The controversial bill would see the legalization of Israeli outposts which are deemed illegal by both Israeli and international law, and would cause what the Israeli NGO Peace Now called "grand land robbery."
All Israeli settlements and outposts in the occupied Palestinian territory are deemed illegal under international law, despite the Israeli government's official recognition of the some 196 settlements scattered across the occupied West Bank.
The now Republican-dominated congress have also already made moves to further entrench Israel's illegal annexation of East Jeruasalem by introducing a bill which would move the US embassy to Jerusalem.
According to The Guardian, Republican senators Ted Cruz (Texas), Dean Heller (Nevada), and Marco Rubio (Florida), introduced the Jerusalem Embassy and Recognition Act at the 115th Congress in Washington earlier this month, as Republicans control both the Senate and House of Representatives for the first time since 2007.
If implemented, the bill would give legitimacy to Israel's illegal occupation of East Jerusalem since 1967, disregard Palestinian claims to the city, and possibly terminate a longstanding White House policy to perpetually defer a 1995 Congressional decision to recognize Jerusalem as the Israeli capital and move the embassy there.
This month also saw the US House of Representatives approve a bipartisan resolution rejecting UN resolution 2334 that passed last month strongly denouncing Israel's illegal settlement building in occupied Palestinian territory, and instead stated their unwavering commitment and support for the state of Israel.

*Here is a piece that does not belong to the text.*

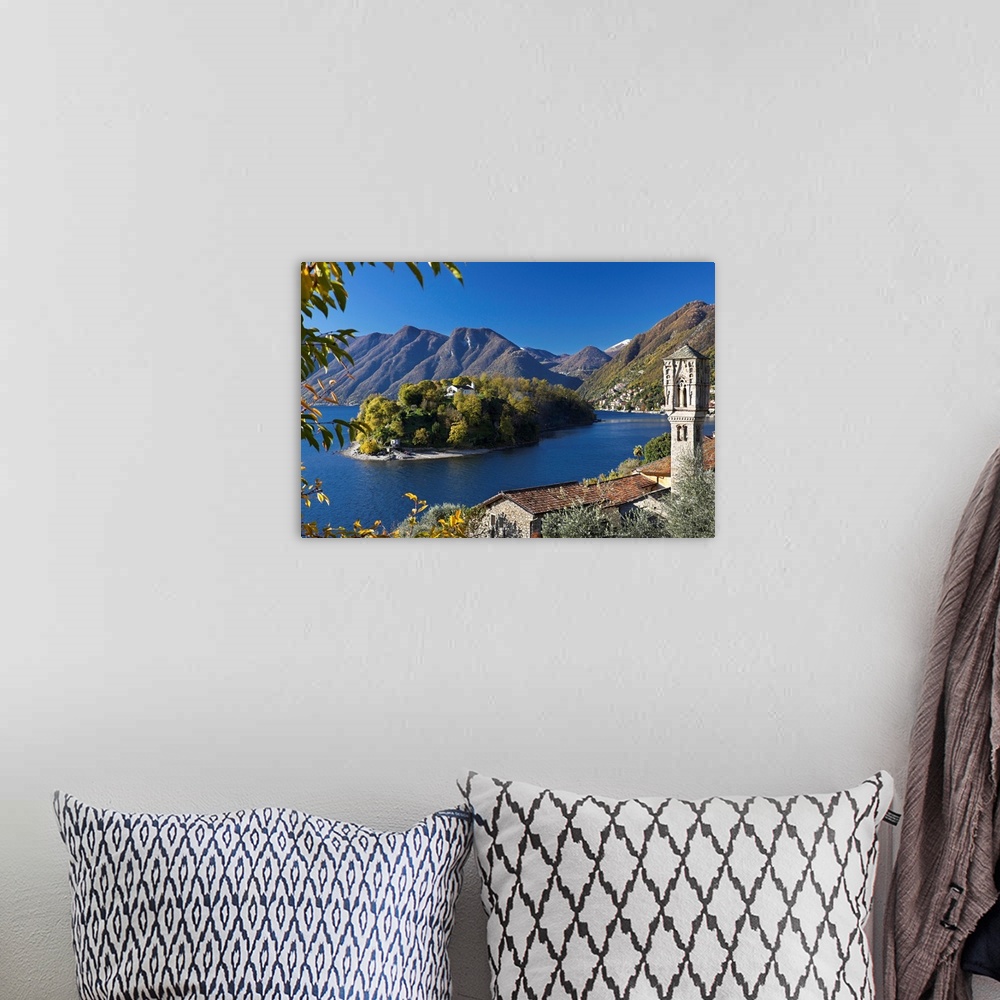 A bohemian room featuring Italy, Lombardy, Como Lake, Ossuccio, Isola Comacina island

The resolution confirmed US commitment as a diplomatic ally to the Israeli government and demands that the US government dismiss any future UN resolutions they deemed "anti-Israel."
Trump has also been a vocal supporter for the expansion of illegal Israeli settlements on Palestinian territory, which have been condemned by the international community as representing a clear violation of international law.

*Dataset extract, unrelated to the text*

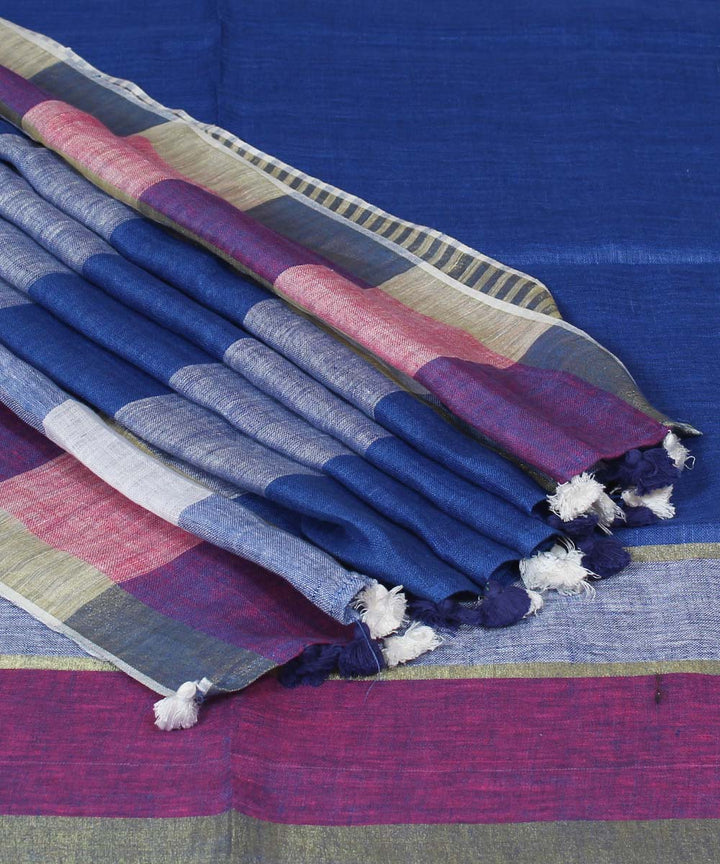 Blue Striped Handloom Bhagalpur Linen Saree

Earlier this month, outgoing US President Barack Obama renewed a presidential waiver that again delayed plans to relocate the embassy for another six months, citing "national security interests," as every US president has done since Bill Clinton.
While many countries have consulates in Jerusalem that cater to citizens residing in the occupied Palestinian territory, the majority of embassies to Israel are located in the Tel Aviv area.

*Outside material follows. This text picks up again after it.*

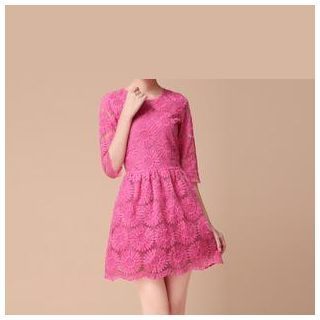 Strawberry Flower Embroidered A-Line Organza Dress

Meanwhile, Trump's choice for US Ambassador to Israel, David Friedman, has been described as a "pro-settler lawyer" who has openly announced his disdain for the two-state solution and his support for recognizing an undivided Jerusalem as Israel's capital.
He has positioned himself as a divisive and controversial figure in Israeli-Palestinian politics, accusing President Barack Obama of being an "anti-Semite" and comparing American Jews who oppose the half-century occupation of the West Bank, including East Jerusalem, to Nazi prisoners who served as guards in concentration camps.
Friedman also serves as president of the American Friends in Beit El Yeshiva -- a group that supports the illegal settlement of Beit El near Ramallah in the occupied West Bank -- and said he hoped to "strengthen the unbreakable bond between our two countries and advance the cause of peace within the region, and look forward to doing this from the US embassy in Israel's eternal capital, Jerusalem," just hours after being appointed to the post.
Last month, Palestine Liberation Organization (PLO) Secretary-General Saeb Erekat warned that the PLO would revoke all previously signed agreements with Israel as well as the PLO's 1993 recognition of Israel if Trump followed through on his pledge to move the US embassy from Tel Aviv to Jerusalem.
During a conference call in Washington D.C. organized by the Wilson Center, Erekat reportedly said such a move would indicate the US's acceptance of "Israel's illegal annexation of East Jerusalem," and further warned that "any hope of peace in the future will just vanish," Times of Israel reported.